(INFORMATION SHOWN Opens)

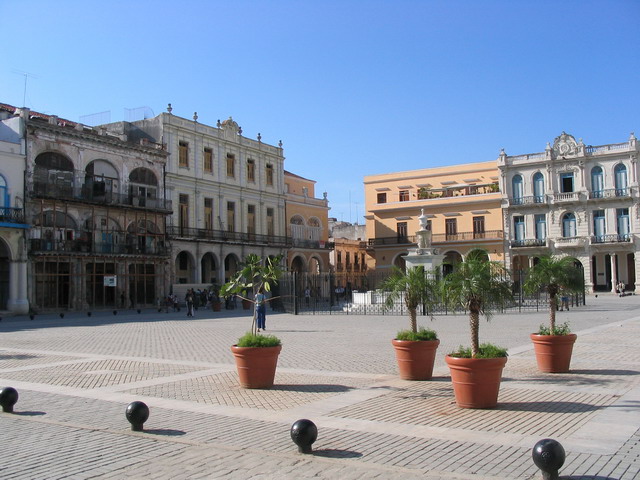 Hình ảnh Quảng trường - La Habana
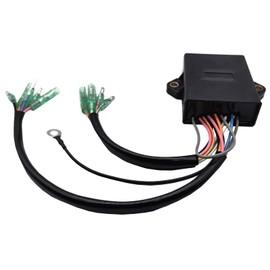 66M-85540-00 66M-85540-01 18-25300 CDI Coil Unit Assembly for Yamaha Parsun HDX Makara F9.9 F15 15HP 4-Stroke Outboard Engine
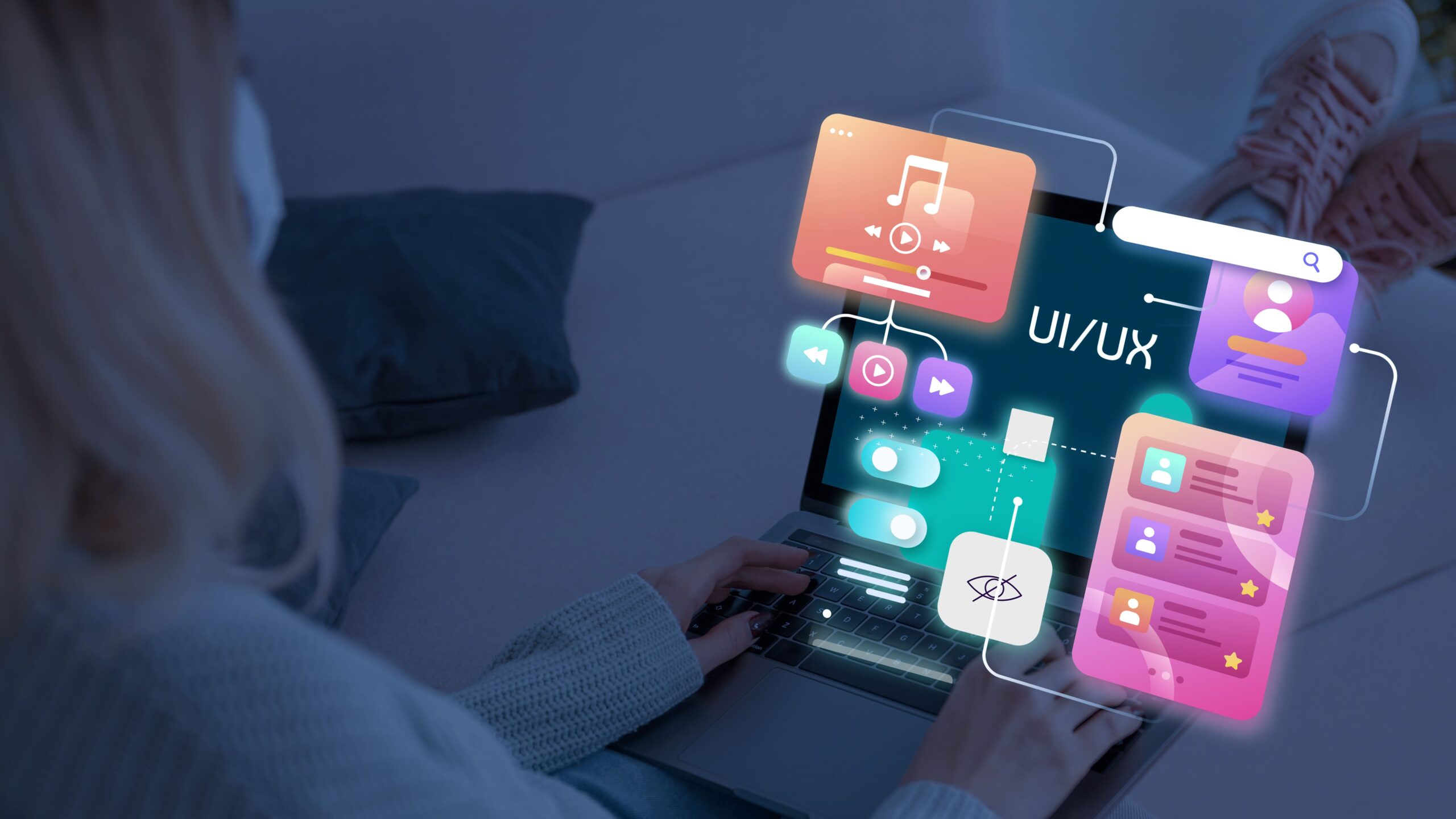 representations user experience interface design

(INFORMATION SHOWN Closes)

> **WORK ORDER**
Where the line with "66M-85540-00 66M-85540-01 18-25300" appears, begin there and transcribe exactly through the last line of the data, leaving all pictures aside.

> **EXERCISE RESPONSE**
 66M-85540-00 66M-85540-01 18-25300 CDI Coil Unit Assembly for Yamaha Parsun HDX Makara F9.9 F15 15HP 4-Stroke Outboard Engine
 representations user experience interface design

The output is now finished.